Data for this task: Begin

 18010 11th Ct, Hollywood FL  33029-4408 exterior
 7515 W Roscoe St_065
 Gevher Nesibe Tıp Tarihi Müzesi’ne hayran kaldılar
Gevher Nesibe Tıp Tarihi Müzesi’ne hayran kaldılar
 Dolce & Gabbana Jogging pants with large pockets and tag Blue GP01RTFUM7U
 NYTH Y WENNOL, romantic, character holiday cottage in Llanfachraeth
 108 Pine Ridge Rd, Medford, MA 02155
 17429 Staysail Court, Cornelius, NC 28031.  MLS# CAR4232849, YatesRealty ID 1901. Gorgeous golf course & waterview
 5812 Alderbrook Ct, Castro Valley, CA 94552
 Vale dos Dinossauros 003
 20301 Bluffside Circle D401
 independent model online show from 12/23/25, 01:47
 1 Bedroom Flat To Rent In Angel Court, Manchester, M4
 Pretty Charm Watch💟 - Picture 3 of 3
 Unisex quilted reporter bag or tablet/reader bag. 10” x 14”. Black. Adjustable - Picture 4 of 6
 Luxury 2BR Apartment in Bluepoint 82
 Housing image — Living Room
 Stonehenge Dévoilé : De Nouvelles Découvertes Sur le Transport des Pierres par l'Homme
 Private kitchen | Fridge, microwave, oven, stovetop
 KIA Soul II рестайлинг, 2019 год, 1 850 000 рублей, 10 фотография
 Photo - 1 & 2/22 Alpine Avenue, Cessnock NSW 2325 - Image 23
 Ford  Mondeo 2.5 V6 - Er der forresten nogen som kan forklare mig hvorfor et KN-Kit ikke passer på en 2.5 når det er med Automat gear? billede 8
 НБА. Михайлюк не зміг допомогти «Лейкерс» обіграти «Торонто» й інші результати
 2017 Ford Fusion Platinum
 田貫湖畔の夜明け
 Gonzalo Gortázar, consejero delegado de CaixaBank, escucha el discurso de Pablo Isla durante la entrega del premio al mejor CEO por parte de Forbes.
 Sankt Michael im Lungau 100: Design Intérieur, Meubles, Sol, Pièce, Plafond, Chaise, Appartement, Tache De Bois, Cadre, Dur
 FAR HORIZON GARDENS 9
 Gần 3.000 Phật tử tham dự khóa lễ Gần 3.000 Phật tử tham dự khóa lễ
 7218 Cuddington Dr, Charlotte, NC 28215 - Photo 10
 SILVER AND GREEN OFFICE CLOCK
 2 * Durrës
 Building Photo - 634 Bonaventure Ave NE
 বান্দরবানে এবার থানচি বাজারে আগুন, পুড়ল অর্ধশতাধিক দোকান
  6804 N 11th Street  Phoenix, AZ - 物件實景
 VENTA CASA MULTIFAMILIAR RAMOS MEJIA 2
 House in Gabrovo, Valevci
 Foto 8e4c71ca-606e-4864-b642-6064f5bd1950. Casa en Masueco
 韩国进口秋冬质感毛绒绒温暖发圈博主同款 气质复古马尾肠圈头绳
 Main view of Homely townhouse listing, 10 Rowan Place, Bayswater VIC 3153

Data for this task: End

Task statement:
How many lines of these entries hold the string "Müzesi"? Answer with the number alone.

Result for this task:
2